=== Supplied data ===

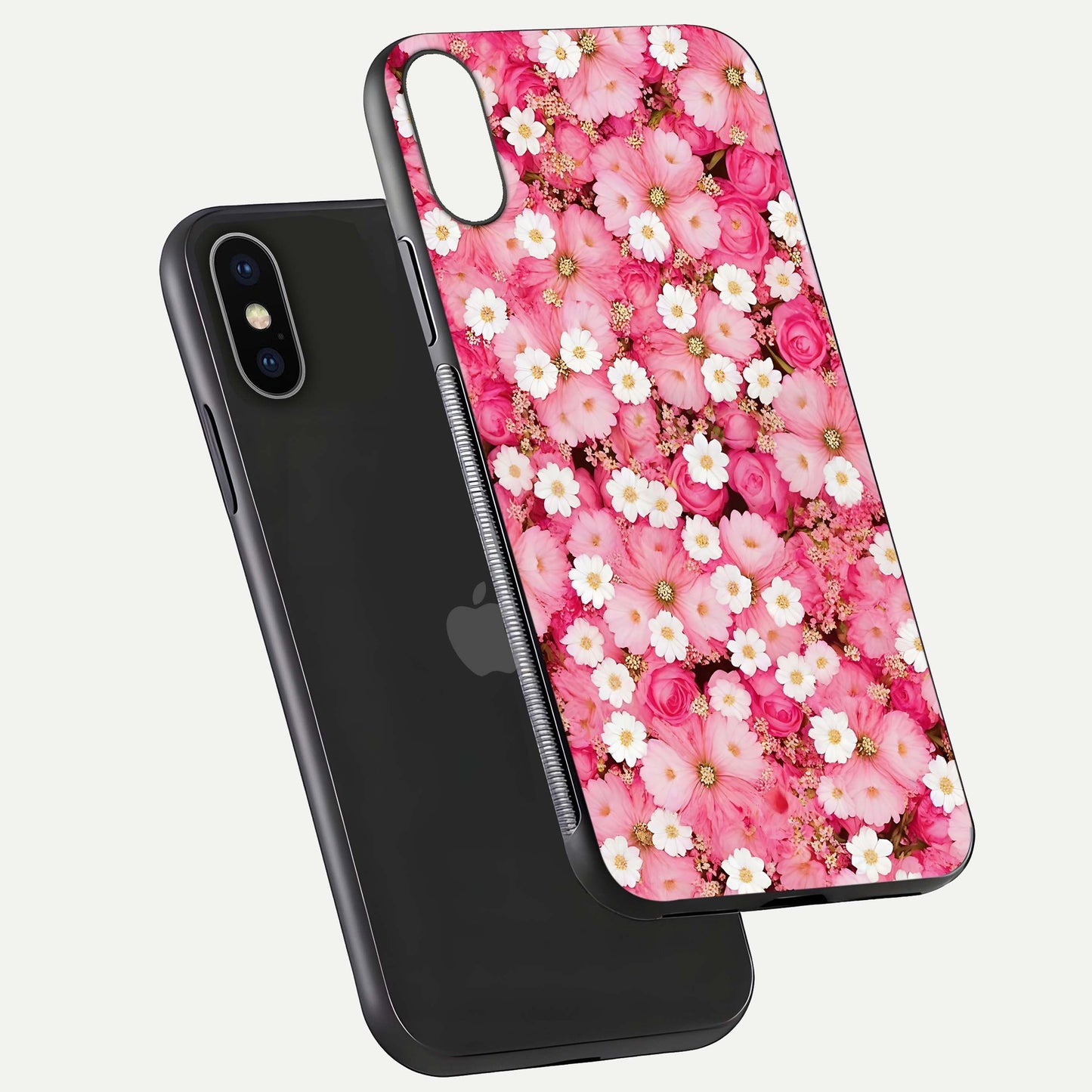 Pink Daisy Bliss Glass Case for iPhone X floating dual-view mockup displaying gloss shine and pastel tones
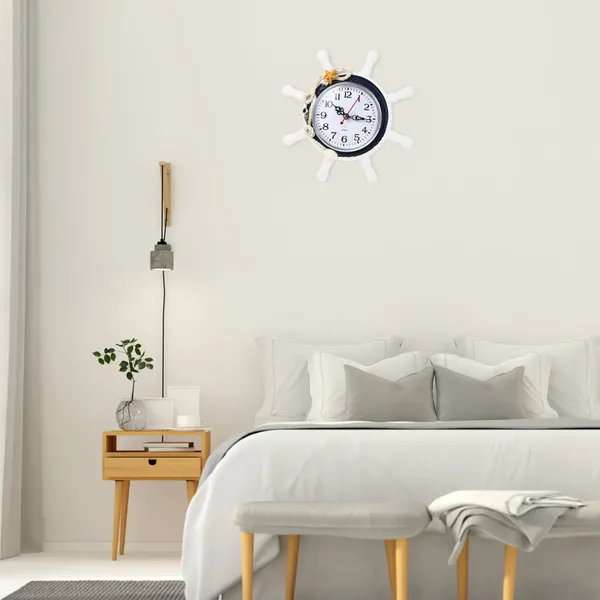 Horloges murales horloge bateau roue forme plage montre décorative pour chambre de pépinière nautique décoration de chambre ()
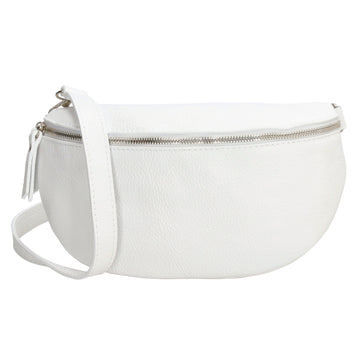 Bodybag 27x17cm in Weiß mit Reißverschluss - leder-accessoires.com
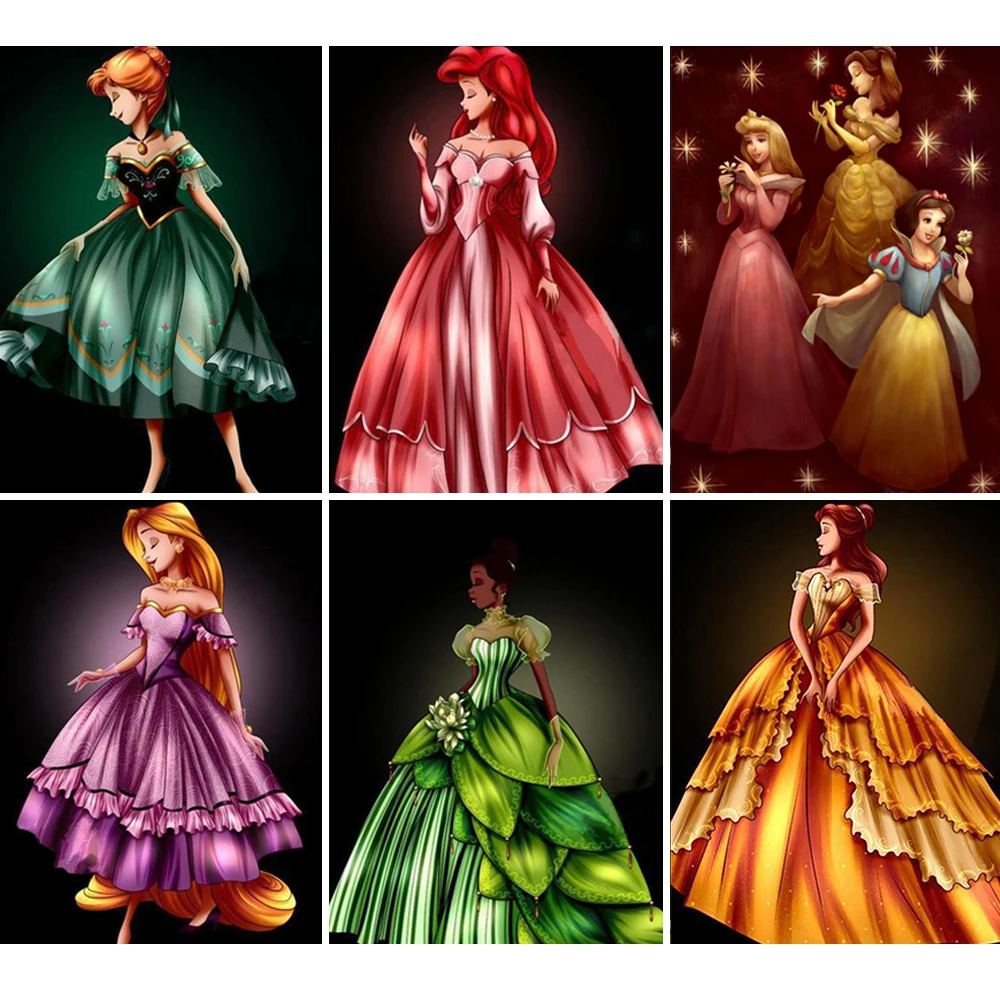 

Алмазная 5D картина Disney Princess, полноформатная вышивка, мультяшная мозаика для девочек, домашний декор, подарок для детей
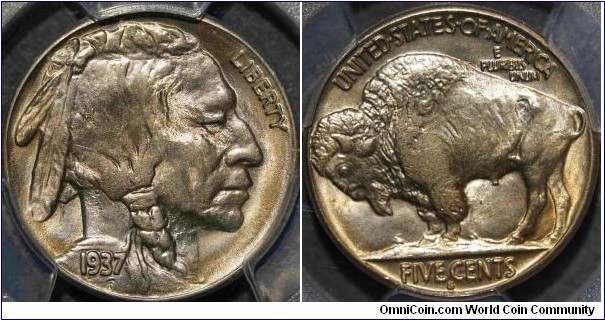 PCGS MS65 1937-S BUFFALO NICKEL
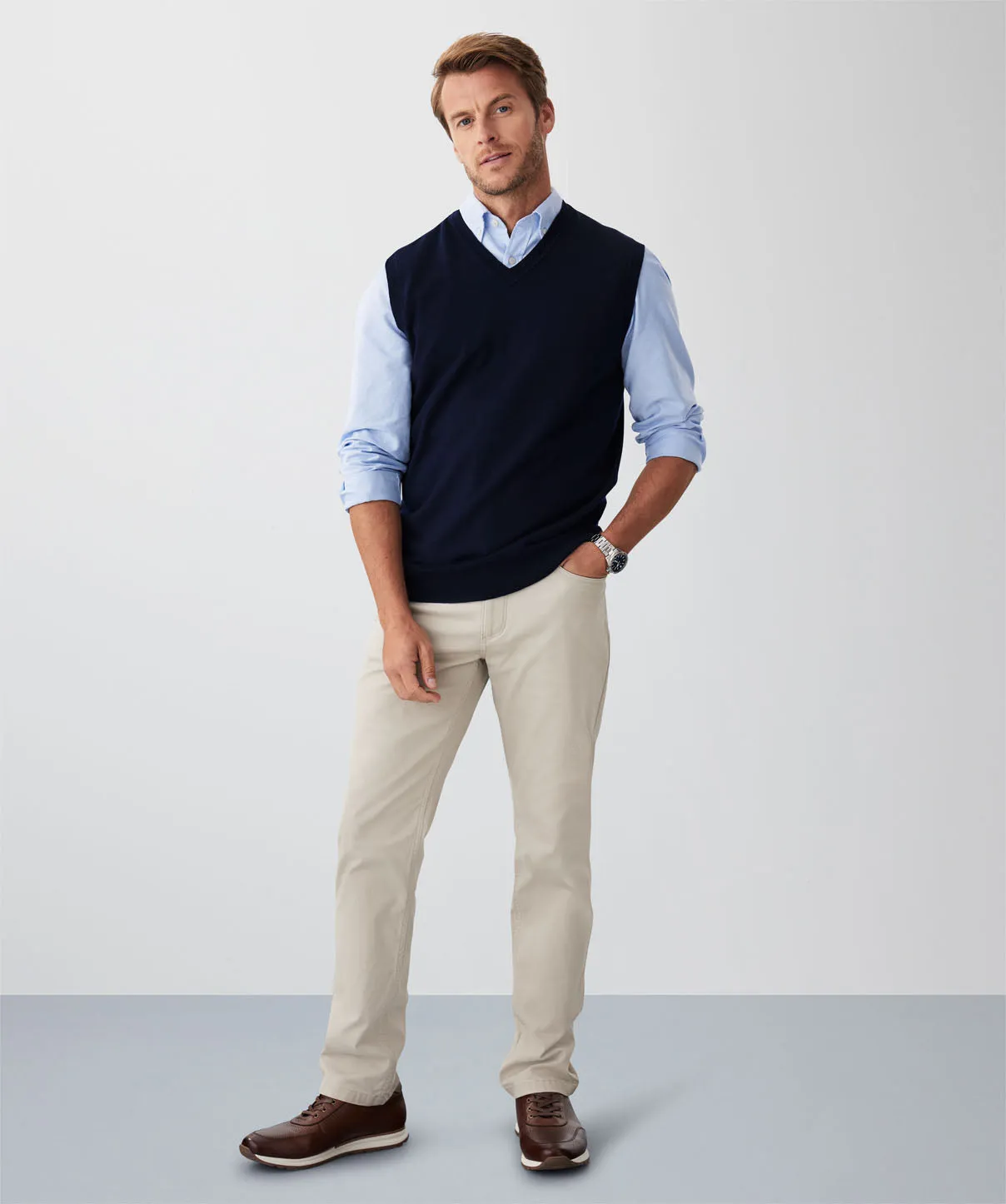 Merino V-Neck Vest - Navy sold by GAZMAN product image thumbnail 4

=== Problem requirements ===
Copy all of the material word for word, and include none of its pictures.

=== Exercise response ===
 Pink Daisy Bliss Glass Case for iPhone X floating dual-view mockup displaying gloss shine and pastel tones
 Horloges murales horloge bateau roue forme plage montre décorative pour chambre de pépinière nautique décoration de chambre ()
 Bodybag 27x17cm in Weiß mit Reißverschluss - leder-accessoires.com

Алмазная 5D картина Disney Princess, полноформатная вышивка, мультяшная мозаика для девочек, домашний декор, подарок для детей
 PCGS MS65 1937-S BUFFALO NICKEL
 Merino V-Neck Vest - Navy sold by GAZMAN product image thumbnail 4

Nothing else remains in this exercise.